== Task prompt ==
The line with "Maruti Suzuki Ertiga" and each line following it, up to the final line of the data, should be set down exactly; pictures stay out.

== Data ==
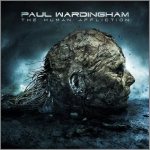 Paul Wardingham - The Human Affliction cover art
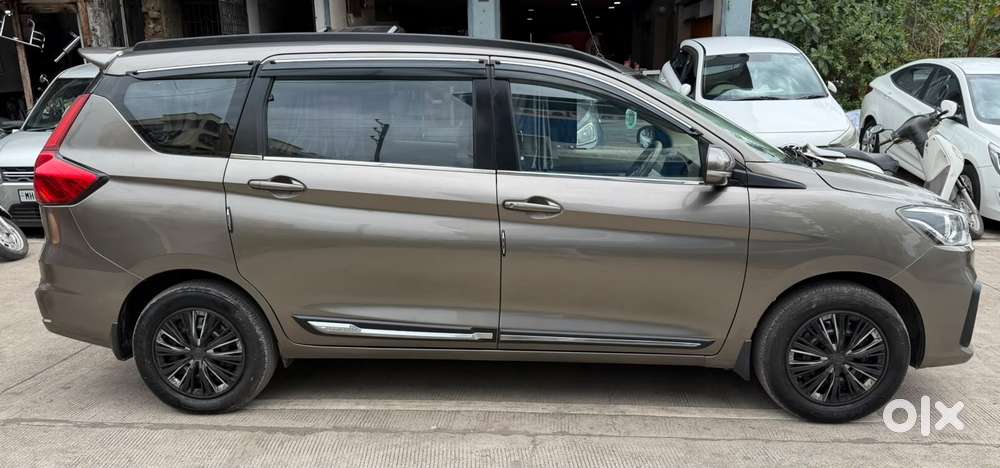 Maruti Suzuki Ertiga Vxi (o) Cng, 2020, Cng & Hybrids
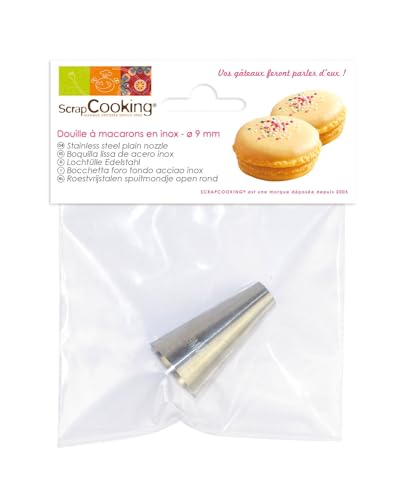 scrapcooking-mat-riel-1806-douille-macarons-inox-9-mm image 4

== Worked solution ==
 Maruti Suzuki Ertiga Vxi (o) Cng, 2020, Cng & Hybrids
 scrapcooking-mat-riel-1806-douille-macarons-inox-9-mm image 4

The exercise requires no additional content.